Minggu, 24 November 2024

Dimensi Sosial Ibadah Puasa

Baca Juga

Puasa mendidik seseorang untuk menghayati dan melakukan solidaritas sosial kepada sesama manusia, khususnya kepada kelompok manusia yang miskin, lapar, sengsara, dan tertindas. Puasa mengajak seseorang untuk berempati terhadap problema yang dihadapi orang lain, terutama manusia yang tidak berdaya dan dilanda kesusahan berkepanjangan.

Sejatinya, puasa memiliki makna cukup luas dan mendalam, baik ke “dalam” yang berkaitan dengan watak, psikis, dan moral, maupun ke “luar” yang berkaitan dengan persoalan sosial.
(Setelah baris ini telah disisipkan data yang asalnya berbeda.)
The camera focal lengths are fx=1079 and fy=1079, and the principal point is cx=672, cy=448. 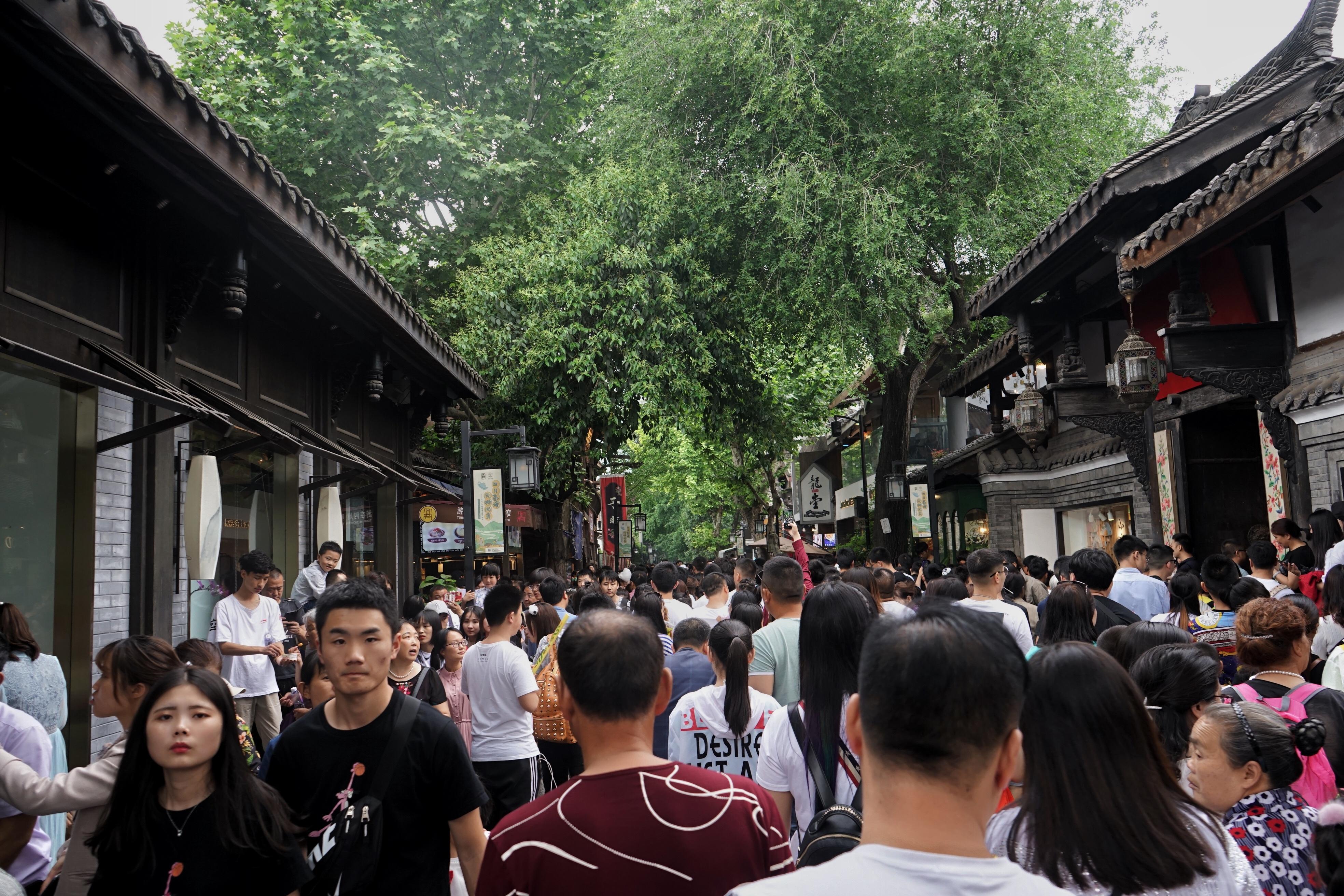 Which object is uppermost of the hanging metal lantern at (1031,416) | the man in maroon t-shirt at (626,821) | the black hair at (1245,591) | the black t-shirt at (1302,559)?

Makna ke “dalam” artinya hanya orang yang berpuasalah yang tahu bahwa dia benar-benar melaksanakan puasa secara konsisten (istiqamah) dan tidak melakukan hal-hal yang membatalkan puasa. Dalam konteks ini, puasa memosisikan seseorang untuk bersikap jujur. Siapa pun tidak ada yang mampu membohongi diri sendiri, bukan? Di sinilah puasa sangat relevan dengan kondisi Indonesia, di mana kebohongan, kemunafikan, dan korupsi telah merajalela dan berurat-berakar di segala lini kehidupan. Jika nilai-nilai kejujuran dipeluk secara konsisten, sudah barang tentu korupsi tidak akan terjadi.
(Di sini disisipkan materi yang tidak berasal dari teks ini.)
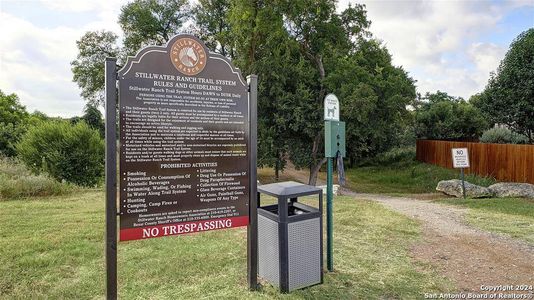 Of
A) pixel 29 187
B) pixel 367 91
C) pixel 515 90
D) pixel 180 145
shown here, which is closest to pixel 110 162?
pixel 180 145

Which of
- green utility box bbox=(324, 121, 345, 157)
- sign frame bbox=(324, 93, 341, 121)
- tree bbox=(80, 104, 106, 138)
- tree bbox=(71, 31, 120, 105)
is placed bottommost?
green utility box bbox=(324, 121, 345, 157)

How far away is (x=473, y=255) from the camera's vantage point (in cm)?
496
Puasa adalah upaya untuk menahan diri dan mengendalikan nafsu, baik nafsu makan, minum, seks, dan nafsu-nafsu lainnya yang lebih luas. Hakikat puasa yang utama justru terletak pada upaya mengendalikan, meminimalisir, bahkan menghilangkan berbagai nafsu yang buruk, jahat, dan destruktif seperti tamak, iri-dengki, amarah, kekerasan, gila harta, nafsu berkuasa, dan sebagainya.

Puasa merupakan salah satu upaya seseorang agar mampu “berkuasa” atas diri sendiri yang kadang (atau bahkan sering) melakukan hal-hal yang buruk dan jahat. Dengan berpuasa seseorang berlatih untuk mengontrol diri sendiri yang tak pernah puas dan selalu haus akan “kenikmatan” duniawi dan “gebyar” duniawi yang menyilaukan. Manusia pada hakikatnya selalu rakus dan tamak dengan gemebyar duniawi, terutama dalam bentuk harta dan kuasa (jabatan), bukan?

Puasa juga merupakan “laku” untuk mengendalikan nafsu berkuasa atas sesama. Jika tak mampu mengendalikan nafsu berkuasa, maka manusia akan cenderung berwatak kejam dan buas. Ia mengeksploitasi alam, menjarah kekayaan negara, dan “membunuh” makhluk dan sesama manusia. Ia bisa memakai segala cara untuk mencapai “ambisi”-nya tentang berbagai hal.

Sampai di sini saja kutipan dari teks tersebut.